We have some for you:
9. What aspirations did you have for this book?
Making something out of nothing? Unapparitionalizing? Unbecoming nothing as a mode of rediscovering the nothing that one always is? Book as excuse for party? Book as impetus to write? Book as thorn? Book as shield? Book as evidence? Book as pyre? Book as memorial? Book as blunt force object? Book as gift? Book as missive to you, you!, long-lost and only you? Book as open secret? Book as parachute?
10. How would you describe this work?
Visions, emergencies.
11. Do you work primarily on discrete poems, serially, toward a project, with a set of concerns, or otherwise?
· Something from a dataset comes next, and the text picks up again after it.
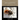 The Mason-bees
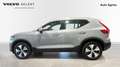 Volvo XC40 T4 Recharge Core Aut. Grau - thumbnail 5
A project is a challenge that helps me begin, but rarely manifests itself as stable, strict, or realized. For example, I’ll say to myself: I’m going to write a book of sonnets now! Here I go!, or Why aren’t there more poems about Wilky James, William’s lesser known younger brother? and then write five of a kind and move on—but the initial mission engages my mind. I’m a slave to form, or the promises of form (see the various sonnets, syllabics, lists, indexes, mythologies, collages, and elegies in Experiments), even if (hopefully if!) the structure transforms and breaks during making. A girl’s gotta (pretend to?!?) set some goals and limits! and I experience the word “project” less as outcome than measured generating force. I develop a plan, conduct experiments, fail, try again. If I have one consistent mode of working, regardless of genre, it is to inhabit research, art, and reading.
Full interview here.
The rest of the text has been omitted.